What you will do
Your answer must be the exact lines below, starting with the line with "NEW BMW Z4 G29" and going on through the line with "Arts Beaux-Arts Litterature", both included, with no pictures.

*** Opening Materials provided ***

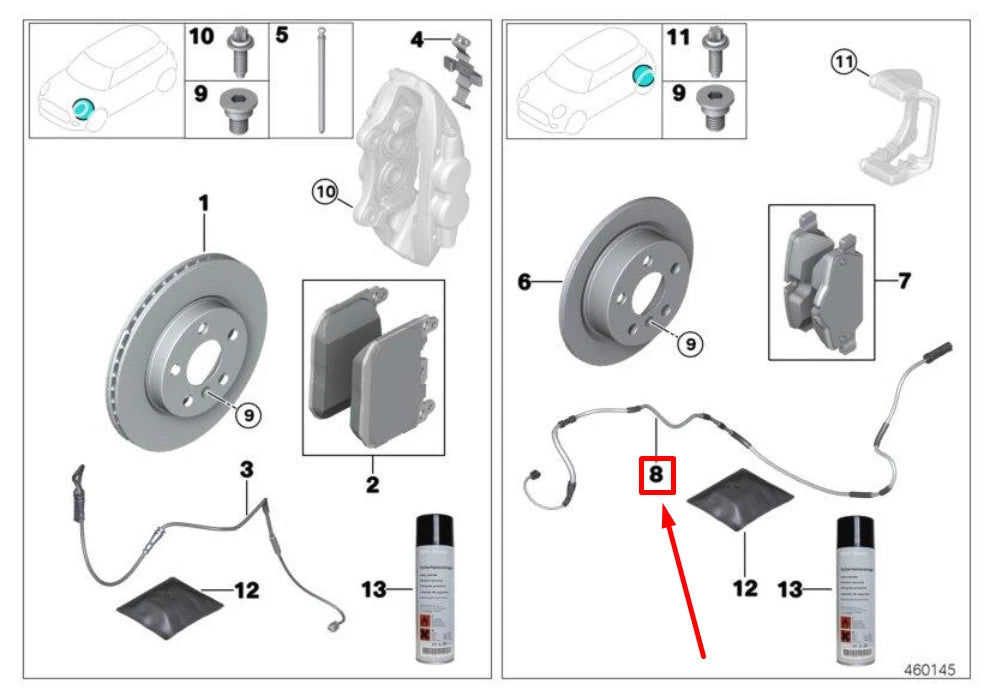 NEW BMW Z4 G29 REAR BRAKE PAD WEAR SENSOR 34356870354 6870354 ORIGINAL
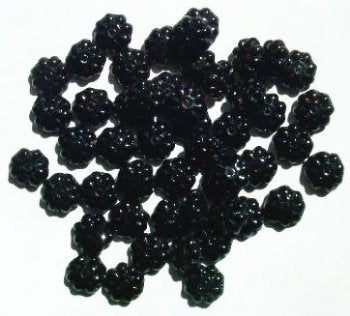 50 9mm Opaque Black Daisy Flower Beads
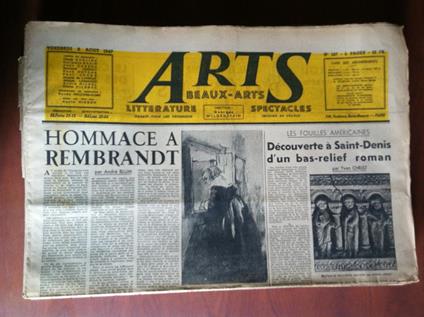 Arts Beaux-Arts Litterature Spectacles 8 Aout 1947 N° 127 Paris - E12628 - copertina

*** Closing Materials provided ***
*** Opening Materials provided ***

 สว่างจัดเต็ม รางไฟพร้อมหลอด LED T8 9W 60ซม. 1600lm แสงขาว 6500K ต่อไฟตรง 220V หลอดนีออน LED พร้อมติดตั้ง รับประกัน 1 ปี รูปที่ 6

*** Closing Materials provided ***

Finished exercise
 NEW BMW Z4 G29 REAR BRAKE PAD WEAR SENSOR 34356870354 6870354 ORIGINAL
 50 9mm Opaque Black Daisy Flower Beads
 Arts Beaux-Arts Litterature Spectacles 8 Aout 1947 N° 127 Paris - E12628 - copertina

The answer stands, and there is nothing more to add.